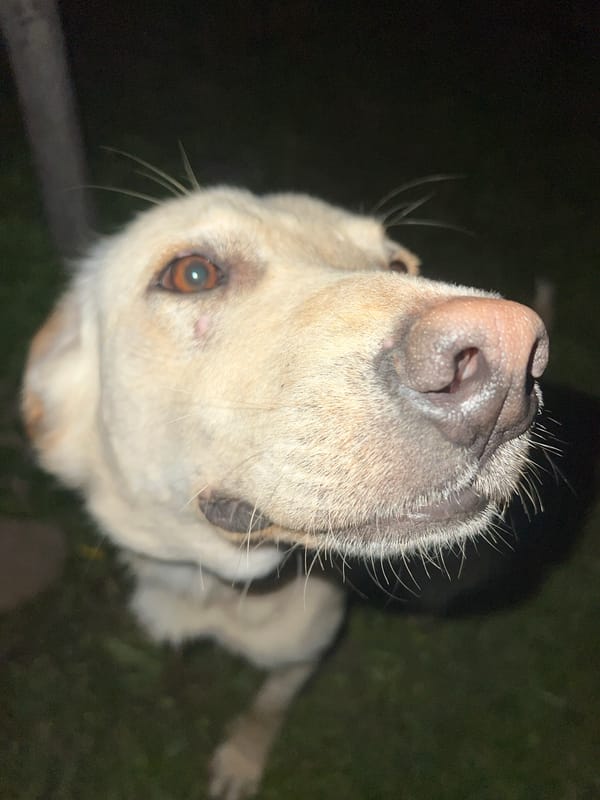 Evening gathering features dog portraits and outdoor ping pong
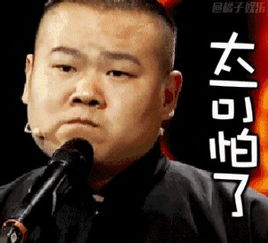 小岳岳岳云鹏,可能是相声界中表情包最多的人了
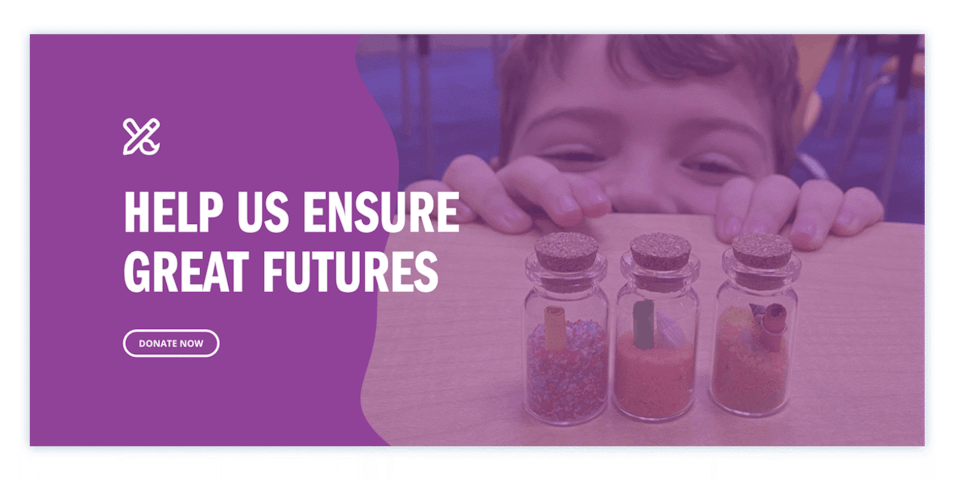A website module that says HELP US ENSURE GREAT FUTURES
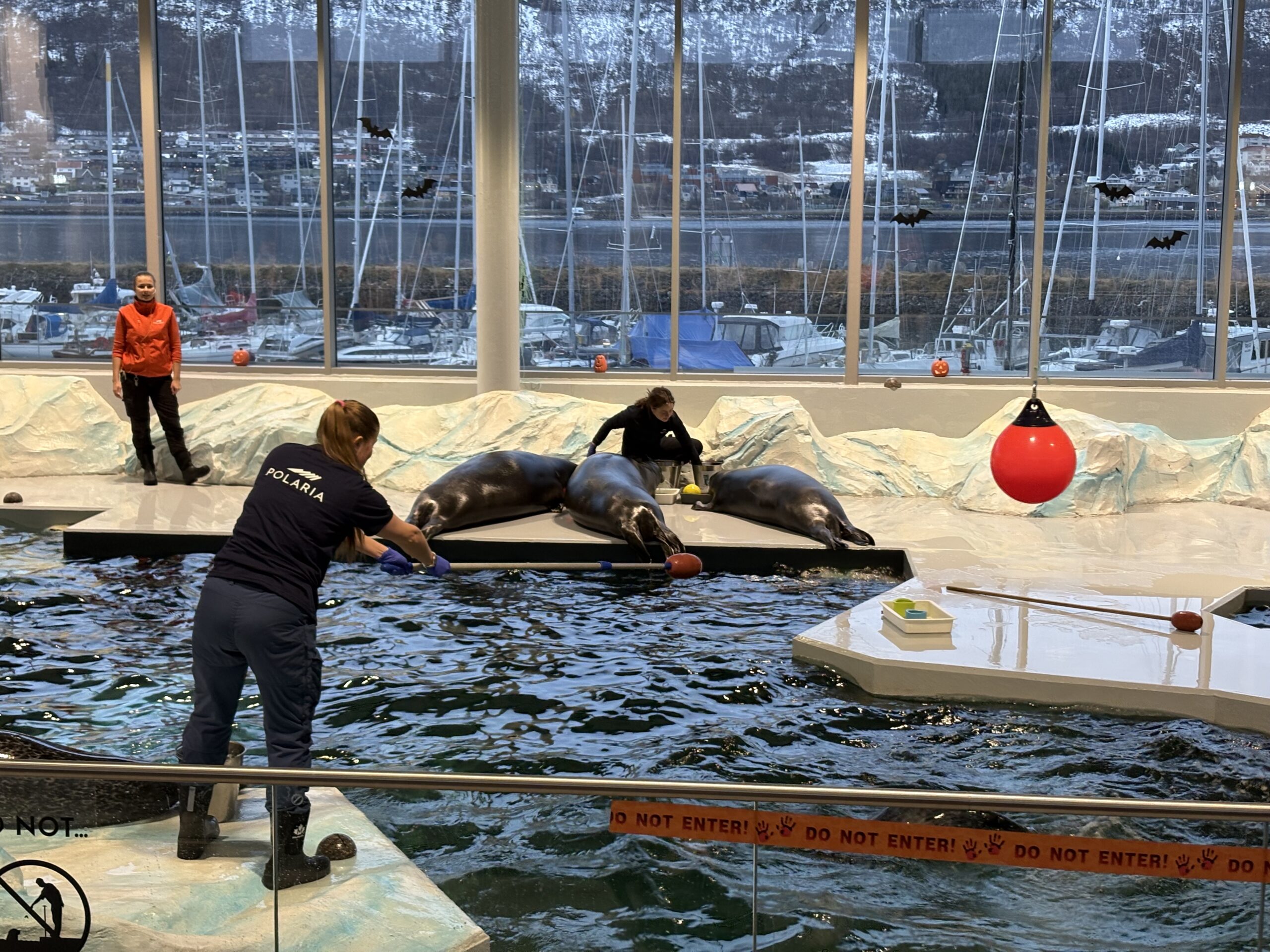 Tre trenere samhandler med seler på plattformer i et innendørs akvarium med store vinduer med utsikt over båter og snødekte fjell.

## The problem:
Your copy should hold all the data word for word. It should hold no pictures.

## Task answer:
 Evening gathering features dog portraits and outdoor ping pong
 小岳岳岳云鹏,可能是相声界中表情包最多的人了
A website module that says HELP US ENSURE GREAT FUTURES
 Tre trenere samhandler med seler på plattformer i et innendørs akvarium med store vinduer med utsikt over båter og snødekte fjell.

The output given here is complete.